Impact of broker restarts during patching and other maintenance - Amazon Managed Streaming for Apache Kafka
Services or capabilities described in Amazon Web Services documentation might vary by Region. To see the differences applicable to the China Regions, see Getting Started with Amazon Web Services in China (PDF).

Impact of broker restarts during patching and other maintenance

Periodically, Amazon MSK updates software on your brokers. These updates have no impact on your applications' writes and reads if you follow best practices.

Amazon MSK uses rolling updates for software to maintain high availability of your clusters. During this process, brokers are rebooted one at a time, and Kafka automatically moves leadership to another online broker. Kafka clients have built-in mechanisms to automatically detect the change in leadership for the partitions and continue to write and read data into a MSK cluster.
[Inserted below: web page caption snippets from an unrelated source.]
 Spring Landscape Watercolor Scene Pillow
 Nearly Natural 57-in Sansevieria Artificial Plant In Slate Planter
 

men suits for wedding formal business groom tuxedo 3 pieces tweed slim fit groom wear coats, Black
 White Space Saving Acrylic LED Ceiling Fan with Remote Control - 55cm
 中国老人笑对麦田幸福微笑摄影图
Following a broker going offline, it is normal to see transient disconnect errors on your clients. You will also observe for a brief window (up to 2 mins, typically less) some spikes in p99 read and write latency (typically high milliseconds, up to ~2 seconds). These spikes are expected and are caused by the client re-reconnecting to a new leader broker; it does not impact your produce or consume and will resolve following the re-connect. For more information, see Broker offline and client failover.
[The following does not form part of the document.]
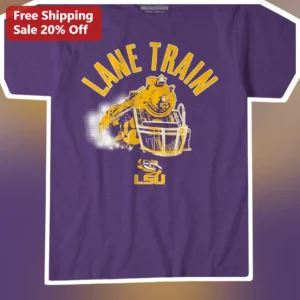 Lane Train LSU Tee Vintage Steam Locomotive Football Helmet Graphic Shirt for College Tigers Fans available at our Los Angeles warehouse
You will also observe an increase in the metric UnderReplicatedPartitions, which is expected as the partitions on the broker that was shutdown are no longer replicating data. This has no impact on applications' writes and reads as replicas for these partitions that are hosted on other brokers are now serving the requests.

After the software update, when the broker comes back online, it needs to "catch up" on the messages produced while it was offline. During catch up, you may also observe an increase in usage of the volume throughput and CPU. These should have no impact on writes and reads into the cluster if you have enough CPU, memory, network, and volume resources on your brokers.